Co-offensive coordinator Seth Littrell is labeled as the Sooners’ quarterbacks coach on top of his play-calling duties. The argument against Littrell having that job is that he never played the position as a former fullback at OU. He had also never coached the position until Venables promoted him from offensive analyst this past offseason to replace Jeff Lebby, who left to become the head coach at Mississippi State. This is Littrell’s 22nd season coaching college football in some capacity and the only positions he had coached until now, at least in his job description, were running backs and tight ends. 

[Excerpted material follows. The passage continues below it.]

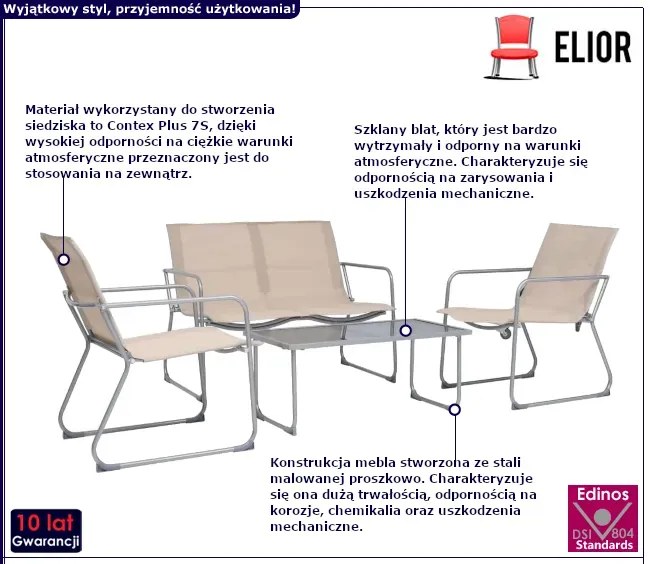 Czteroczęściowy zestaw wypoczynkowy w kolorze kremowym - Lucy 5X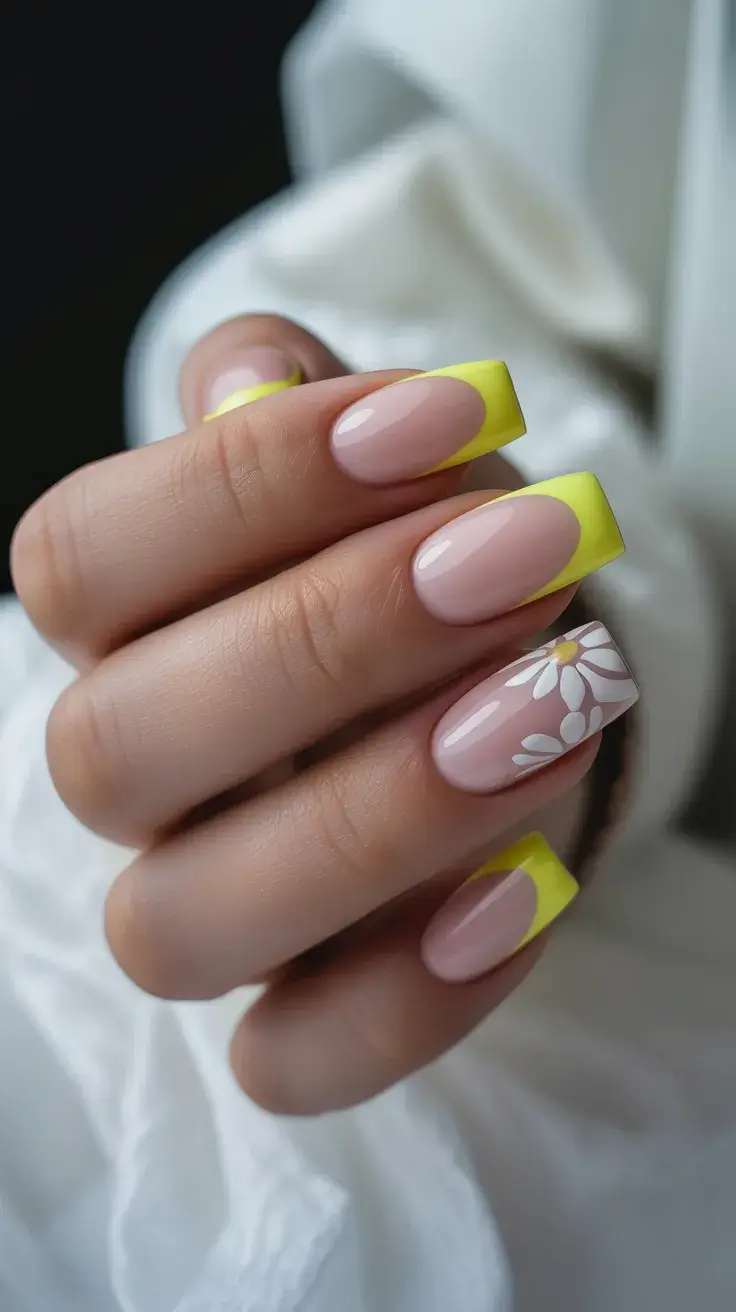 Easter Nails Ideas 2026 Sunny Yellow French Tips with Delicate Daisy Art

The fact Littrell is coaching a position he has no real prior experience with has emerged as a glaring issue as the Sooners have struggled at the position. First, heralded 5-star recruit Jackson Arnold was the presumed future of the program and next quarterback to continue a great lineage the Sooners have at the position as five former OU quarterbacks started for NFL teams on Sunday. Arnold, a sophomore, was then benched during his fifth career start against Tennessee. He was replaced by freshman Michael Hawkins Jr., a 4-star dual-threat quarterback with speed that was compared to Kyler Murray by teammates. 

Hawkins was solid in his first start against Auburn, leading his team to a road victory while completing a clutch deep ball and putting his body on the line for a two-point conversion. But against Texas, he was 19-of-30 for 148 yards while failing to lead his offense into the end zone. The struggle, although only one game, not only stirred questions of another QB shakeup, but also influenced the fan question on Venable’s weekly coach’s show on Monday. 

The question: “Would it benefit to have a coach dedicated to the quarterback position, a quarterbacks coach who played that position?”

Venables answer: “Well, I mean, yeah, you want somebody that can be a great teacher – the fundamentals of it, the scheme part of it, the decision-making part, the development piece. On our staff, we've got Coach Littrell, that he's coached quarterbacks for a long time, and a lot of the best coaches, they coach several positions on both sides of the ball and that helps them be a better teacher at what they're doing. He's had high-level success coaching quarterbacks.”

Venables went on to also mention offensive analysts Jack Lowary and Kevin Johns. Lowary is in his first season at OU after spending 2023 at Tennessee under Josh Heupel in the same position. He also played for Heupel at Missouri. 

Johns is also at OU for his first season. He’s an experienced coach with stops at Duke, Memphis, Western Michigan and Indiana as a quarterbacks coach. He was also offensive coordinator at all those places, including at Texas Tech in 2018, when current Oklahoma State quarterback Alan Bowman started as a freshman for the Red Raiders. 

“We got a small army of those kind of coaches,” Venables said. “And then, hey, if you have somebody that's also a coordinator that coaches those quarterbacks, that could be a great thing, too.”